ECLI:NL:RBROT:2023:178
Rechtbank Rotterdam
- Eerste aanleg - enkelvoudig
- G.A. Bouter - Rijksen
- Rechtspraak.nl
Verzet tegen niet-ontvankelijk verklaring van beroep niet-tijdig beslissen en beslissing op bezwaar
In deze zaak heeft de rechtbank Rotterdam op 17 januari 2023 uitspraak gedaan over het verzet van een opposant tegen een eerdere uitspraak van 6 september 2022. De opposant had bezwaar gemaakt tegen een besluit van het Drechtstedenbestuur, dat op 4 december 2020 bijzondere bijstand verleende.
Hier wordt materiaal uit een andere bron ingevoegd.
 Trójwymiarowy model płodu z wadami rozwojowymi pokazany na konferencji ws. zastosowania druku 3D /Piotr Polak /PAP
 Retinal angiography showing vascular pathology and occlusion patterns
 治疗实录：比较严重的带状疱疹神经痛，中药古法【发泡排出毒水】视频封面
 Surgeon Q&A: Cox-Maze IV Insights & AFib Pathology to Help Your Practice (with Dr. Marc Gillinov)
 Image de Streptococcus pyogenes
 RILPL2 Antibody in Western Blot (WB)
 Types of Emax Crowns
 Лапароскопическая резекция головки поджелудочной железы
Na het indienen van een beroep wegens niet-tijdig beslissen, heeft de rechtbank het beroep niet-ontvankelijk verklaard. De opposant heeft hiertegen verzet ingesteld, waarbij hij stelde dat hij het eens was met de beslissing op bezwaar van 3 mei 2021, maar dat het beroep niet-tijdig beslissen gegrond had moeten worden verklaard.
De rechtbank heeft het verzet behandeld en geconcludeerd dat de opposant geen belang meer had bij een beslissing op het beroep niet-tijdig beslissen, omdat het beroep ook gericht was tegen de beslissing op bezwaar. De rechtbank heeft vastgesteld dat de opposant geen gronden tegen het besluit van 3 mei 2021 had ingediend, waardoor het beroep niet-ontvankelijk werd verklaard. De verzetrechter heeft de argumenten van de opposant beoordeeld en geconcludeerd dat er geen twijfel was over de eerdere uitspraak zonder zitting. De rechtbank heeft het verzet ongegrond verklaard en de eerdere uitspraak in stand gelaten.
De rechtbank heeft ook geoordeeld dat er geen aanleiding was voor een proceskostenveroordeling, aangezien de opposant niet had voldaan aan de minimumvereisten voor een beroepschrift. De uitspraak is openbaar uitgesproken en er staat geen hoger beroep of verzet open tegen deze beslissing.